Let $$z$$ be a complex number such that $$|z + 2| = 1$$ and $$\text{Im}\left(\frac{z+1}{z+2}\right) = \frac{1}{5}$$. Then the value of $$|\text{Re}(z + 2)|$$ is

Given $$|z + 2| = 1$$ and $$\text{Im}\left(\frac{z+1}{z+2}\right) = \frac{1}{5}$$, we wish to find $$|\text{Re}(z+2)|$$.

Let $$w = z + 2$$ so that $$|w| = 1$$. Writing $$w = a + bi$$ gives the relation $$a^2 + b^2 = 1$$ and hence $$z + 1 = w - 1 = (a-1) + bi$$.

Now, $$\frac{z+1}{z+2} = \frac{w-1}{w}$$. Since $$\frac{w-1}{w} = 1 - \frac{1}{w} = 1 - \frac{\bar{w}}{|w|^2} = 1 - \bar{w} = 1 - (a - bi) = (1-a) + bi$$, it follows that $$\text{Im}\left(\frac{z+1}{z+2}\right) = b = \frac{1}{5}$$.

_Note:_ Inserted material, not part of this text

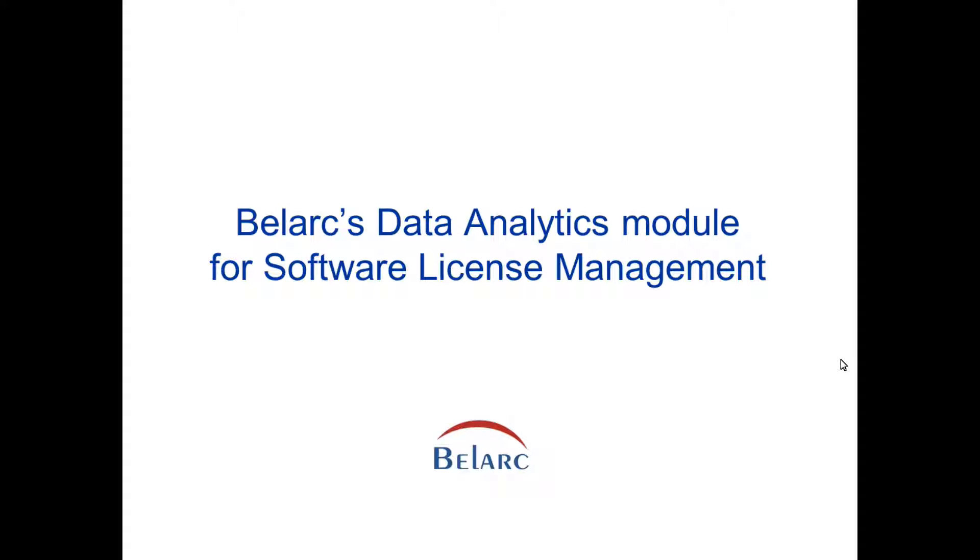Hello, my name is Sumin Chen. I'm with BellArc, and we're going to show you today BellArc's data analytics module and how it could be used to automate your software license process.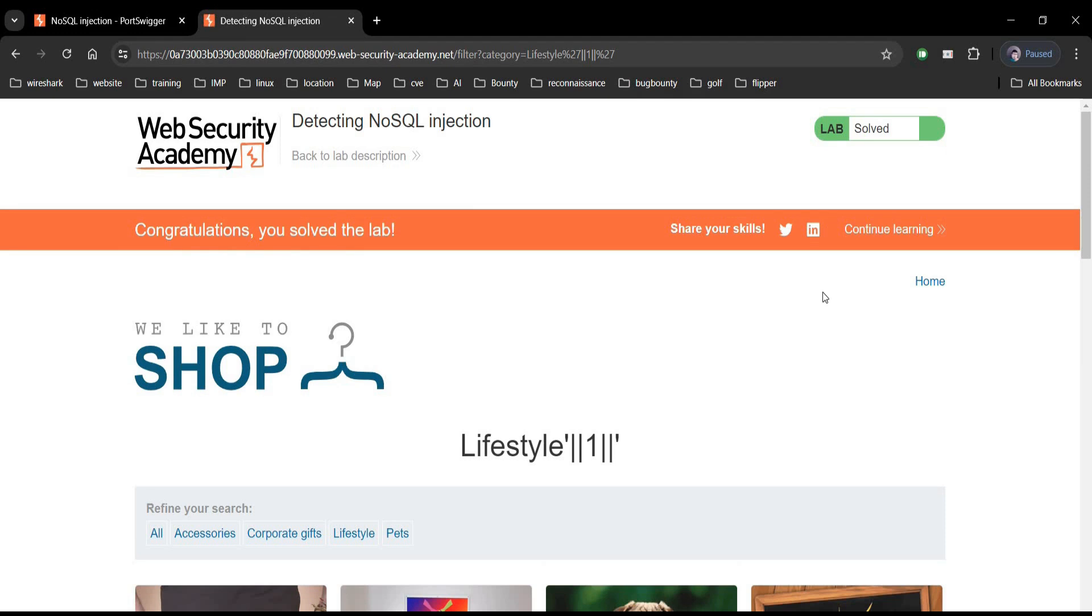Congratulations. You solved the lab. To safeguard against this vulnerability.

Using the unit-circle condition $$a^2 + b^2 = 1$$ with $$b = \frac{1}{5}$$ yields $$a^2 + \frac{1}{25} = 1 \implies a^2 = \frac{24}{25} \implies |a| = \frac{2\sqrt{6}}{5}$$.

Since $$\text{Re}(z+2) = a$$, we conclude that $$|\text{Re}(z+2)| = |a| = \frac{2\sqrt{6}}{5}$$.

The correct answer is Option (1): $$\frac{2\sqrt{6}}{5}$$.